• _TASK REQUIREMENTS_: Of all the lines below, return only those starting with the line holding "Apa de Parfum" and going on through the line holding "Masă de Cafea", exactly as written.

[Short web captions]
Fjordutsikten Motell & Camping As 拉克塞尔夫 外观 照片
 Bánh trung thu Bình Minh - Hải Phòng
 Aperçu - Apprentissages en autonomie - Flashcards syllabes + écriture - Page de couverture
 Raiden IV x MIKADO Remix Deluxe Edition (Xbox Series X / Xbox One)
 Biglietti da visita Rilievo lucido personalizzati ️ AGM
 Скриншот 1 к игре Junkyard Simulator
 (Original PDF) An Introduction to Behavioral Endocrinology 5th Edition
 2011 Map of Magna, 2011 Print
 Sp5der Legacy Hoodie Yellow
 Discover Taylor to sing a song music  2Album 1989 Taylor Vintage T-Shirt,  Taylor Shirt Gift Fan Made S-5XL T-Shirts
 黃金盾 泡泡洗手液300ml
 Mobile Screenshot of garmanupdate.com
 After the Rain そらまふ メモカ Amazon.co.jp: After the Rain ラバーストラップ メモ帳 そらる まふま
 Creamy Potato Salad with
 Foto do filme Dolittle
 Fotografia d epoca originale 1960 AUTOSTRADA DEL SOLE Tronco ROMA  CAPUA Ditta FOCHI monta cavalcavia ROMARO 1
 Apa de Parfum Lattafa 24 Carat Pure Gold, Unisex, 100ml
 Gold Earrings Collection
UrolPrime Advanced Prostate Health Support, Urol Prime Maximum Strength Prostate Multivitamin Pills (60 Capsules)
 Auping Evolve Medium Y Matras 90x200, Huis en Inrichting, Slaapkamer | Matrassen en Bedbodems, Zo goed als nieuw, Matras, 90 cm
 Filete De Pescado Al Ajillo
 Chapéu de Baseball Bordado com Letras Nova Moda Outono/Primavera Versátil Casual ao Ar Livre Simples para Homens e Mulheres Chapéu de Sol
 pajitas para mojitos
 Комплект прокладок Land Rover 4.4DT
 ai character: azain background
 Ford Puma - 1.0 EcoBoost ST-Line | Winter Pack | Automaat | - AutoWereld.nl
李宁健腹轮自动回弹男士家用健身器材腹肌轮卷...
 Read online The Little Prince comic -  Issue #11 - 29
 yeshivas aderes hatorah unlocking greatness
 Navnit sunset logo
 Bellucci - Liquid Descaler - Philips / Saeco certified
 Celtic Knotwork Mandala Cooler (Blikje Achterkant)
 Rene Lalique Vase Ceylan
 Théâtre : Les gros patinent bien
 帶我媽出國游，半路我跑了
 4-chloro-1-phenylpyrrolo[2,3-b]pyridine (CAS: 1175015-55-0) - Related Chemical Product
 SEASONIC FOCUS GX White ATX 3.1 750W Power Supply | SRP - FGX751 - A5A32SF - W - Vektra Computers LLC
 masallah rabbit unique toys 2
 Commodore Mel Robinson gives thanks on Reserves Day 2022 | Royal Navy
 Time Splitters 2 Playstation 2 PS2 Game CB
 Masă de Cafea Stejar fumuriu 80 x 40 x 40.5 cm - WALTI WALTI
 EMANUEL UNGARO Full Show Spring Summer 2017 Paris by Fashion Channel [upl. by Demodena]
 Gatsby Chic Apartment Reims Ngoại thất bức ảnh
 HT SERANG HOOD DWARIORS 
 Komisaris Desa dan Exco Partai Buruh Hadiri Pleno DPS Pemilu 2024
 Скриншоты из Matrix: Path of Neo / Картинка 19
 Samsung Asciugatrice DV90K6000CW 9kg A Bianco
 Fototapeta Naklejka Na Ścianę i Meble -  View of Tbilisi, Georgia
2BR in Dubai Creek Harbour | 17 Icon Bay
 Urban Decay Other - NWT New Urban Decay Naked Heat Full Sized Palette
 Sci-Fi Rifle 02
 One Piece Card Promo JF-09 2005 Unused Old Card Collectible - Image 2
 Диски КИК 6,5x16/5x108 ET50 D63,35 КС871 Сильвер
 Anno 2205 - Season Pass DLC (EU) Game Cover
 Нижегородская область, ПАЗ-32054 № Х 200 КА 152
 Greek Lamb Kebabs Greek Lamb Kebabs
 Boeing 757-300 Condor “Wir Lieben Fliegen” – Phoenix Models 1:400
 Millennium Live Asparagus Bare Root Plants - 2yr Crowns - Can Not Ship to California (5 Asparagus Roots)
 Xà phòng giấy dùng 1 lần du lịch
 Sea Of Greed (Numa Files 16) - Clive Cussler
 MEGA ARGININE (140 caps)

• _PROBLEM SOLUTION_:
 Apa de Parfum Lattafa 24 Carat Pure Gold, Unisex, 100ml
 Gold Earrings Collection
UrolPrime Advanced Prostate Health Support, Urol Prime Maximum Strength Prostate Multivitamin Pills (60 Capsules)
 Auping Evolve Medium Y Matras 90x200, Huis en Inrichting, Slaapkamer | Matrassen en Bedbodems, Zo goed als nieuw, Matras, 90 cm
 Filete De Pescado Al Ajillo
 Chapéu de Baseball Bordado com Letras Nova Moda Outono/Primavera Versátil Casual ao Ar Livre Simples para Homens e Mulheres Chapéu de Sol
 pajitas para mojitos
 Комплект прокладок Land Rover 4.4DT
 ai character: azain background
 Ford Puma - 1.0 EcoBoost ST-Line | Winter Pack | Automaat | - AutoWereld.nl
李宁健腹轮自动回弹男士家用健身器材腹肌轮卷...
 Read online The Little Prince comic -  Issue #11 - 29
 yeshivas aderes hatorah unlocking greatness
 Navnit sunset logo
 Bellucci - Liquid Descaler - Philips / Saeco certified
 Celtic Knotwork Mandala Cooler (Blikje Achterkant)
 Rene Lalique Vase Ceylan
 Théâtre : Les gros patinent bien
 帶我媽出國游，半路我跑了
 4-chloro-1-phenylpyrrolo[2,3-b]pyridine (CAS: 1175015-55-0) - Related Chemical Product
 SEASONIC FOCUS GX White ATX 3.1 750W Power Supply | SRP - FGX751 - A5A32SF - W - Vektra Computers LLC
 masallah rabbit unique toys 2
 Commodore Mel Robinson gives thanks on Reserves Day 2022 | Royal Navy
 Time Splitters 2 Playstation 2 PS2 Game CB
 Masă de Cafea Stejar fumuriu 80 x 40 x 40.5 cm - WALTI WALTI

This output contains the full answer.